I want to deal first with amendment No 27. This is a sensible amendment, in keeping with the thoughts of the members of the Standing Orders Committee. It was the Committee’s view that if Adjournment debates were to be worthwhile, a response from a Minister was essential.
One of the difficulties we currently have is that while we have provision for an Adjournment debate, it is very much a case of speaking into the ether. No one takes any notice of what the Member is saying, because there is nobody of any authority to answer the points being made, although as Mr Wells pointed out earlier the relevant local newspaper will, no doubt, get a copy of his speech within a very short time. It is sensible, and it certainly accords with the view of the Standing Orders Committee that a Ministerial response should be required at the end of the Adjournment debate. I do not know why the Standing Orders did not reflect that.
This is a very sensible amendment, and it should not be left to a Minister’s discretion to decide if he wishes to reply to such a debate — the relevant Minister should be required to do so. I also want to deal with amendments 31 and 32, which relate to ministerial statements, as raised by Mr P Robinson, about the time that could be used up if a large number of Ministerial statements were to be put forward for the same sitting.

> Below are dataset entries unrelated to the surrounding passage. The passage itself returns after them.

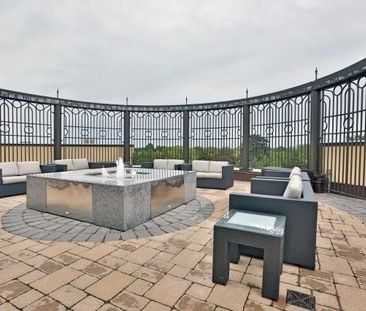 For Lease - 205 Lakeshore Road Unit# 305, Oakville, Ontario - Photo 3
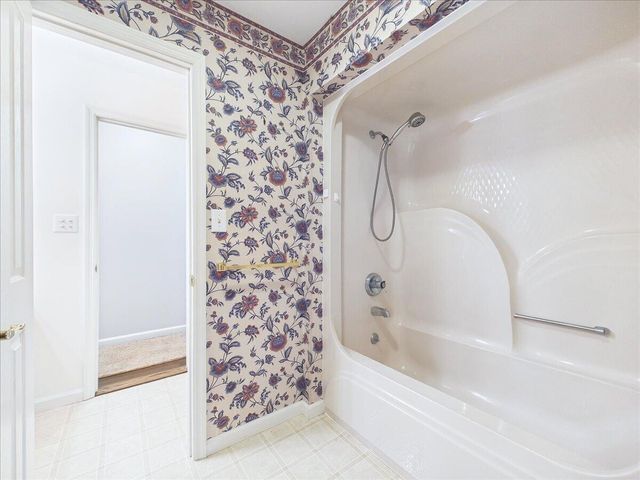 2832 Kensington Street, Athens, TN 37303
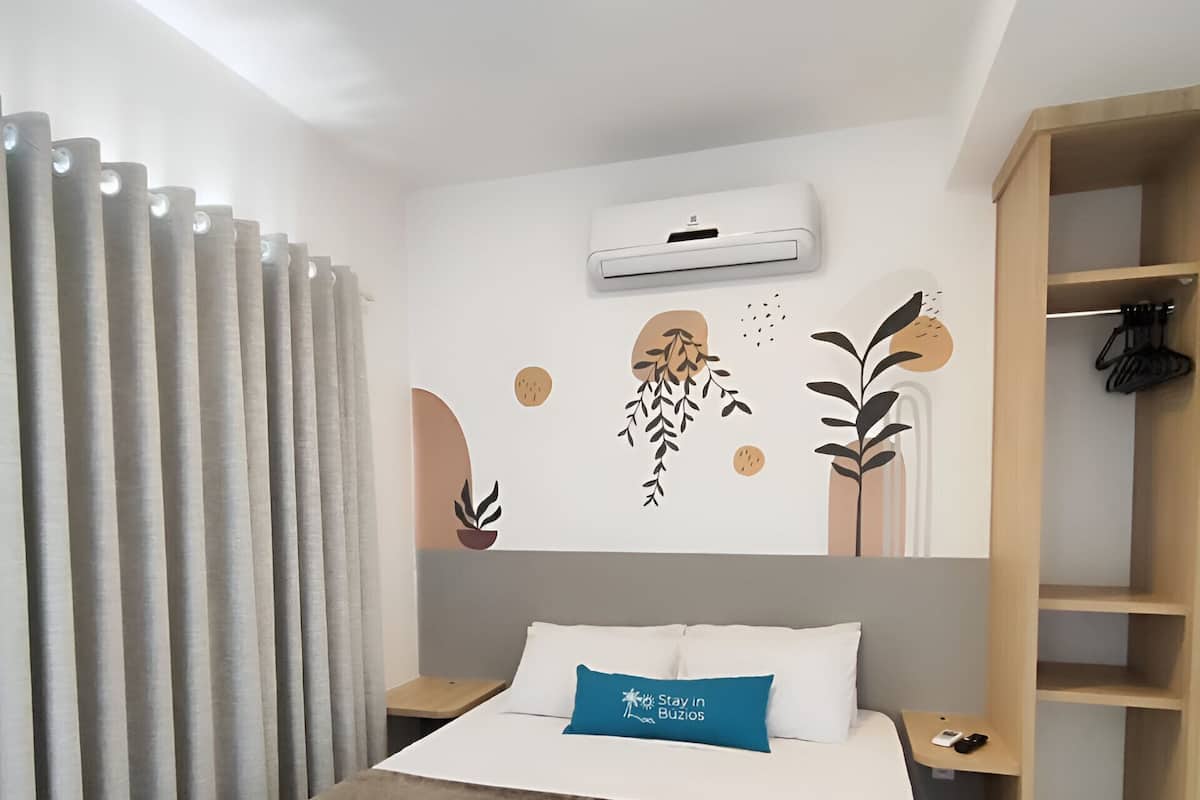 1 habitación, cortinas blackout y sistema de insonorización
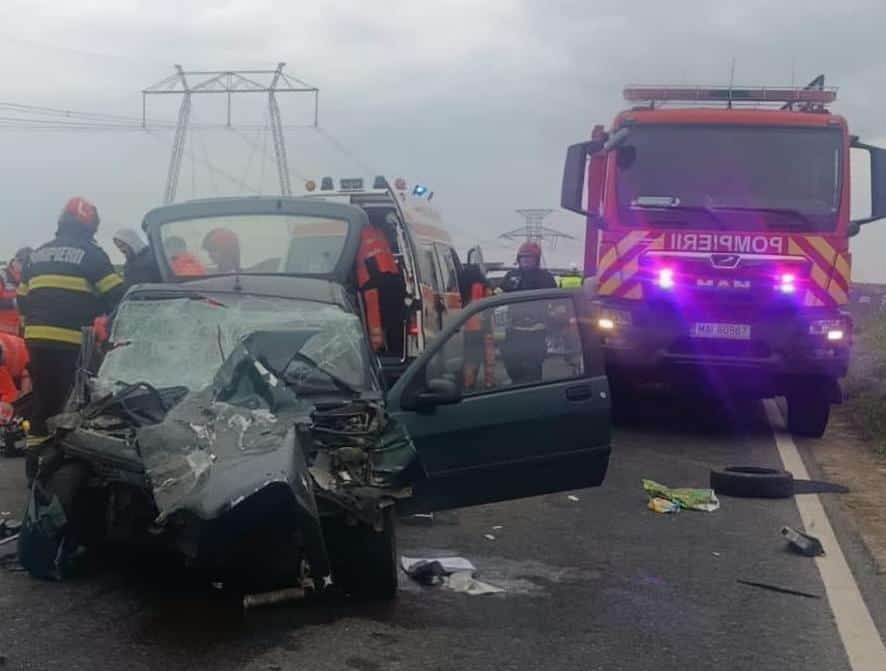 Accident mortal în județul Constanța. Două mașini conduse de șoferi de 70 de ani s-au ciocnit – un tânăr a murit nevinovat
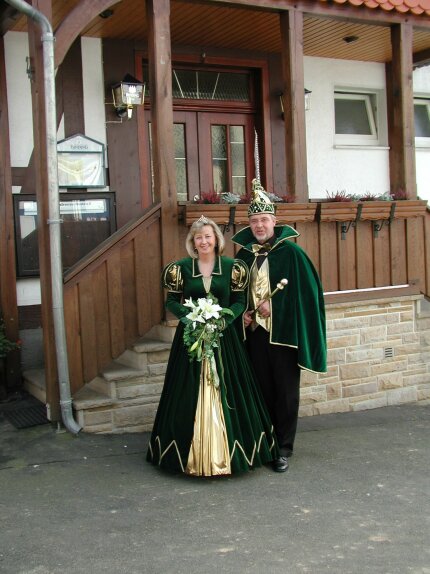 Das Prinzenpaar vor dem Vereinslokal "Zum Adler" - Hier findet der Niester Karneval statt.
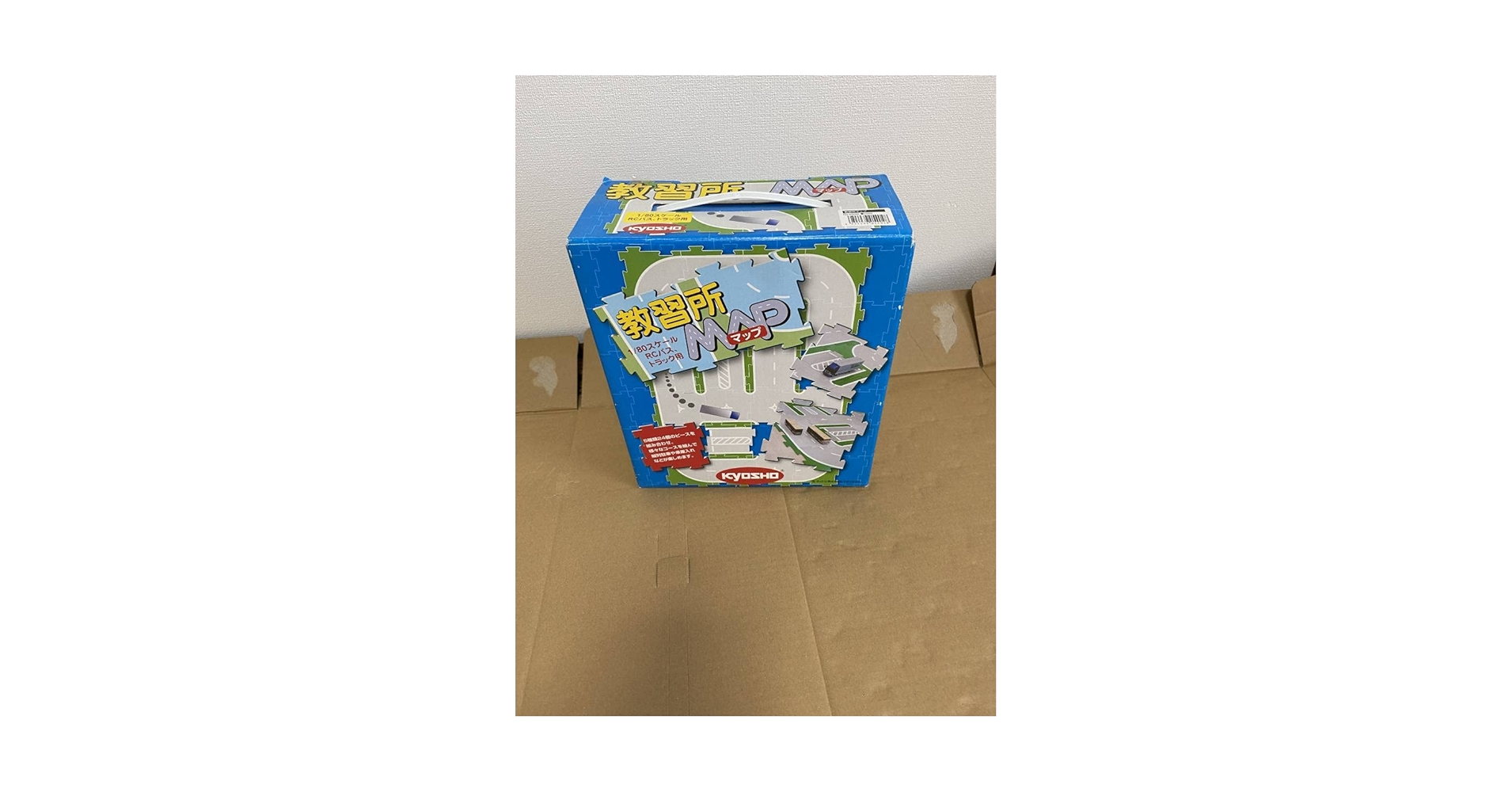 KYOSHO RCトランスポーター 1/64　教習所マップ Amazon.co.jp: 京商 180 RC トレーラー バス 教習所MAP「RC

This was also the subject of debate in the Standing Orders Committee. Indeed, one of the initial drafts suggested that a Ministerial statement would be followed by a debate, but it was, quite rightly, thought that would be improper because many Members would only have received notice of the statement when the Minister stood up or a short time before that. The Committee debated the question of how much time should be devoted to follow-up from the ministerial statement.
In the case of some statements, you would certainly want to use up a full hour, but for others you might not wish to do so. It may be that, out of courtesy, the Minister will wish to draw something to Members’ attention, but it would not be sensible to use up a full hour’s business. The Member should be given discretion, and it should be made clear that he has no more than one hour. As it stands at the moment, it is normally one hour.
In relation to amendment 34, we have provision dealing with the adjournment of the Assembly in the Standing Orders, and it is clear under draft Standing Order 10 that an adjournment of the Assembly shall mean an adjournment until the next sitting day unless the Assembly, on a motion made by a Member of the Executive, after notice, has ordered an adjournment to some other definite date.
The point we are dealing with is to do with the adjournment of a debate. It would be wrong and an infringement of Members’ rights if that debate could be adjourned and adjourned for some time. We have built-in provisions which deal with the adjournment of the Assembly. Clearly, if it is adjourned then it will resume at the point at which it left off when it next sits. But if a motion has been tabled, and there is a debate on it, the Standing Orders should make it clear that that simply cannot be done away with by some tactic.
Regarding the amendment standing in the name of the First Minister (Designate) — and I welcome the fact, like the Member who spoke earlier that these are not going to be pressed to a vote — the Standing Orders Committee considered this issue a number of times. When it first came up, most parties agreed that we should at least aim for this sort of timescale, starting in the morning and ending early in the evening. It was brought to the attention of the Standing Orders Committee that the Chief Whip of the Ulster Unionist Party wanted to have the sort of hours that have been shown in these amendments in the name of the First Minister (Designate). There was no support for that from any quarter in the Standing Orders Committee.
I am somewhat surprised that they even appear on the Order Paper. I have some sympathy with some of the initial arguments advanced by the First Minister (Designate) with regard to how we manage our business and how the work might progress. If we see that there is a need to change because of the requirements of the Assembly then certainly the matter can be placed before the Committee on Procedures which will continue to consider and review the procedures and Standing Orders.
The First Minister (Designate) was on altogether more dicey ground when he started into the whole question of family time. He seemed to be suggesting that after 6.30 pm Members go off to socialise or advocating that we spend more time at home in the mornings and afternoons, which was either an argument for people not going out to work at all or an argument for keeping your kids off school. His arguments did not seem to stack up. We should, in the interests of this House and the management of the work of this House, keep that subject matter under review.
We should try, if at all possible, to make the suggested hours work. It is in the interests of most Members with families to try to stick to them. Mr Wilson’s points in relation to the workload of Members was a case in point. Bearing in mind these points, most of the amendments that are going to be moved on the Floor are ones that many of us who are members of the Standing Orders Committee would have no difficulty with.